I need to build a function for processing large CSV files for use in a bluebird.map() call. Given the potential sizes of the file, I'd like to use streaming.
This function should accept a stream (a CSV file) and a function (that processes the chunks from the stream) and return a promise when the file is read to end (resolved) or errors (rejected).
So, I start with:
'use strict';
var _ = require('lodash');
var promise = require('bluebird');
var csv = require('csv');
var stream = require('stream');
var pgp = require('pg-promise')({promiseLib: promise});
api.parsers.processCsvStream = function(passedStream, processor) {
var parser = csv.parse(passedStream, {trim: true});
passedStream.pipe(parser);
// use readable or data event?
parser.on('readable', function() {
// call processor, which may be async
// how do I throttle the amount of promises generated
});
var db = pgp(api.config.mailroom.fileMakerDbConfig);
return new Promise(function(resolve, reject) {
parser.on('end', resolve);
parser.on('error', reject);
});
}
Now, I have two inter-related issues:
processor
param is going to often be async, such as saving the contents of the file to the db via a library that is promise-based (right now: pg-promise
).
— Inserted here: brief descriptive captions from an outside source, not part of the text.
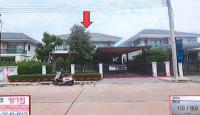 บ้านเดี่ยวหลุดจำนอง ธ.ธนาคารทหารไทยธนชาต ปทุมธานี เมืองปทุมธานี สวนพริกไทย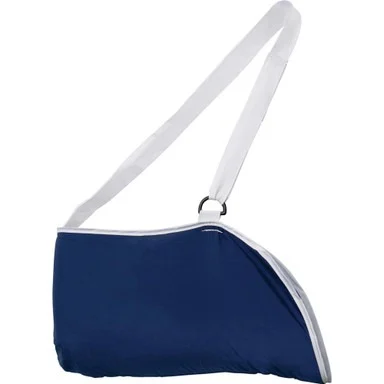 McKesson Adjustable Arm Sling with Secure Hook-and-Loop Closure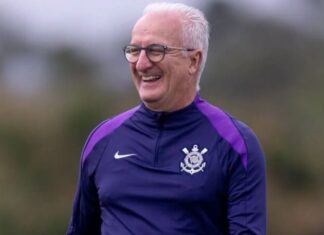 Corinthians: Dorival pode igualar recorde de Felipão na Copa do Brasil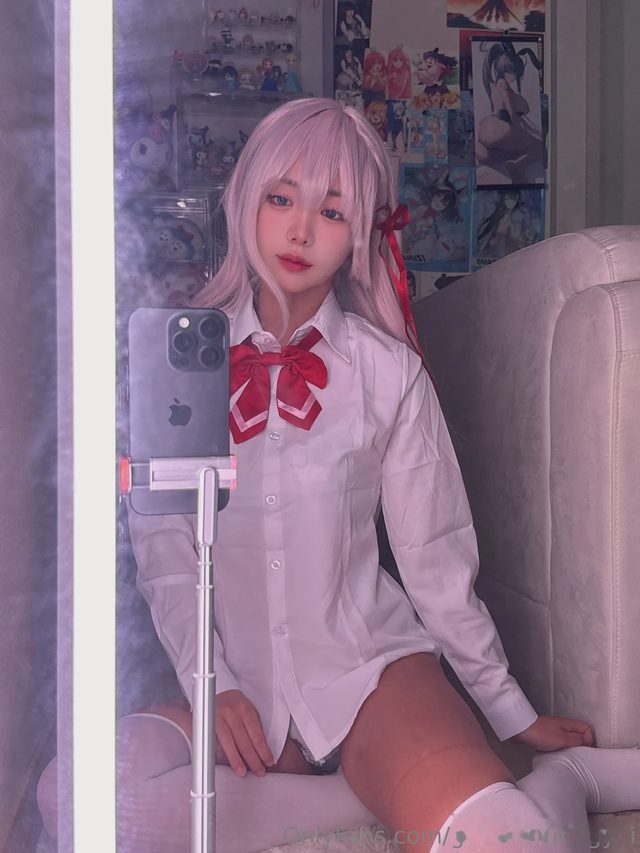 YunaSkye Alya第 8 张图片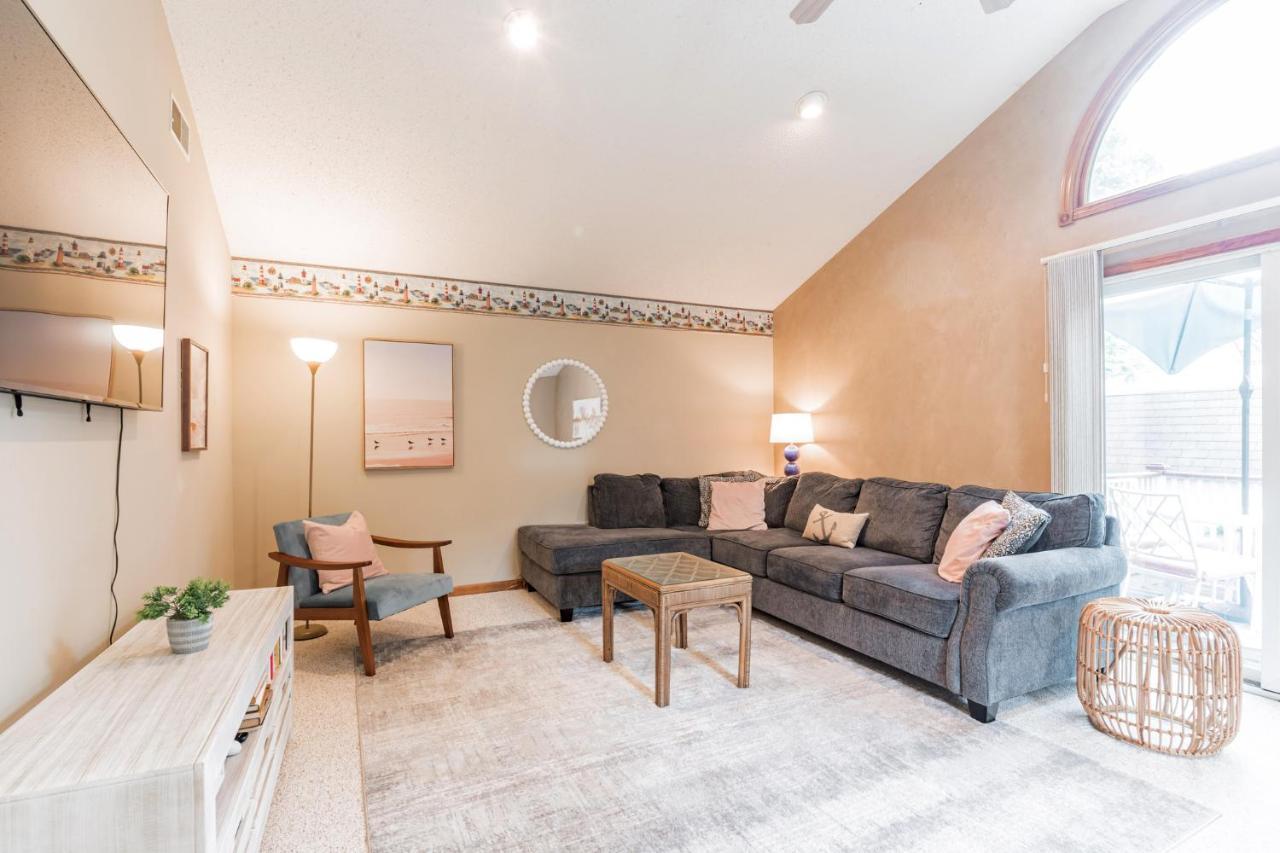 Serene Single Story, Grill, Fire Pit, Fenced Yard And Pet Friendly Stay Cape May Court House Exteriér fotografie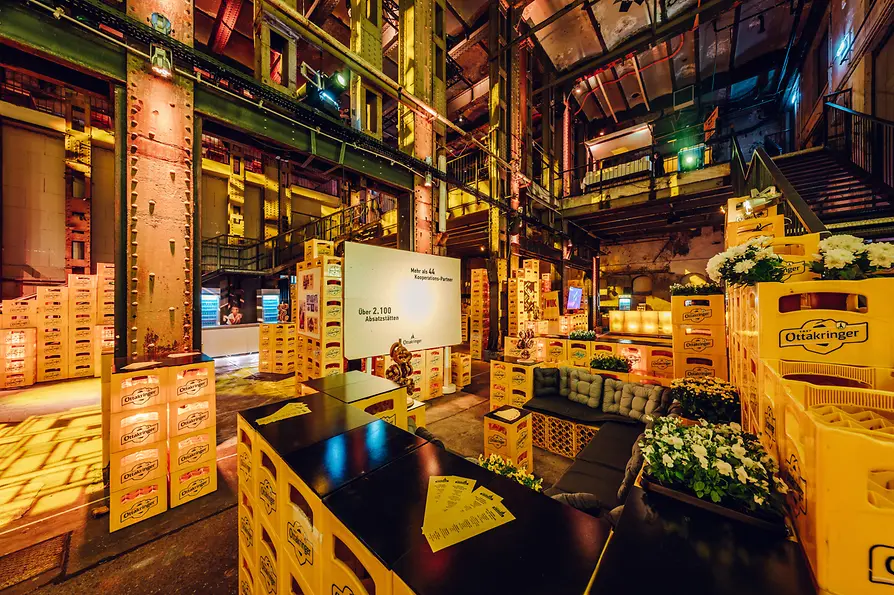 Ideal Ottaktinger Event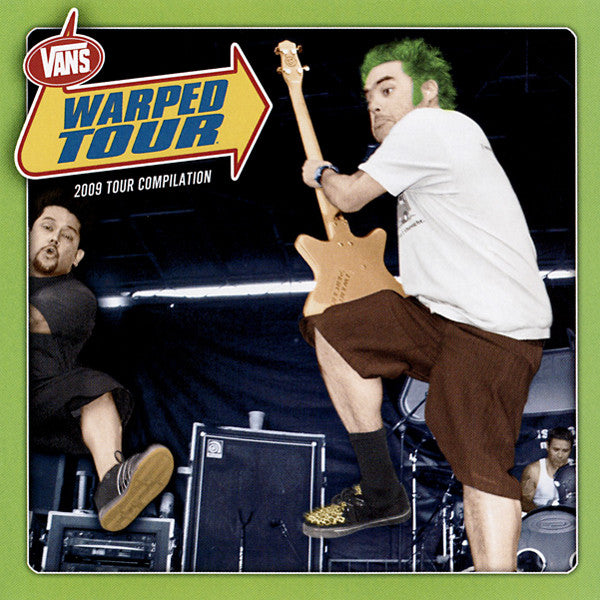 VARIOUS - VANS WARPED TOUR 2009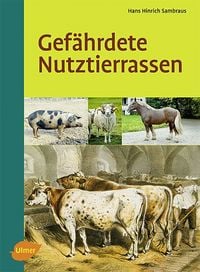 Produktbild: Gef&auml;hrdete Nutztierrassen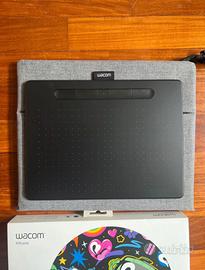 Wacom Intuos M con bluetooth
As such, it will create a promise in memory and move on, repeatedly.The pg-promise
library has functions to manage this, like page(), but I'm not able to wrap my ahead around how to mix stream event handlers with these promise methods. Right now, I return a promise in the handler for readable
section after each read()
, which means I create a huge amount of promised database operations and eventually fault out because I hit a process memory limit.
Does anyone have a working example of this that I can use as a jumping point?
UPDATE: Probably more than one way to skin the cat, but this works:
'use strict';
var _ = require('lodash');
var promise = require('bluebird');
var csv = require('csv');
var stream = require('stream');
var pgp = require('pg-promise')({promiseLib: promise});
api.parsers.processCsvStream = function(passedStream, processor) {
// some checks trimmed out for example
var db = pgp(api.config.mailroom.fileMakerDbConfig);
var parser = csv.parse(passedStream, {trim: true});
passedStream.pipe(parser);
var readDataFromStream = function(index, data, delay) {
var records = [];
var record;
do {
record = parser.read();
if(record != null)
records.push(record);
} while(record != null && (records.length < api.config.mailroom.fileParserConcurrency))
parser.pause();
if(records.length)
return records;
};
var processData = function(index, data, delay) {
console.log('processData(' + index + ') > data: ', data);
parser.resume();
};
parser.on('readable', function() {
db.task(function(tsk) {
this.page(readDataFromStream, processData);
});
});
return new Promise(function(resolve, reject) {
parser.on('end', resolve);
parser.on('error', reject);
});
}
Anyone sees a potential problem with this approach?
You might want to look at promise-streams
var ps = require('promise-streams');
passedStream
.pipe(csv.parse({trim: true}))
.pipe(ps.map({concurrent: 4}, row => processRowDataWhichMightBeAsyncAndReturnPromise(row)))
.wait().then(_ => {
console.log("All done!");
});
Works with backpressure and everything.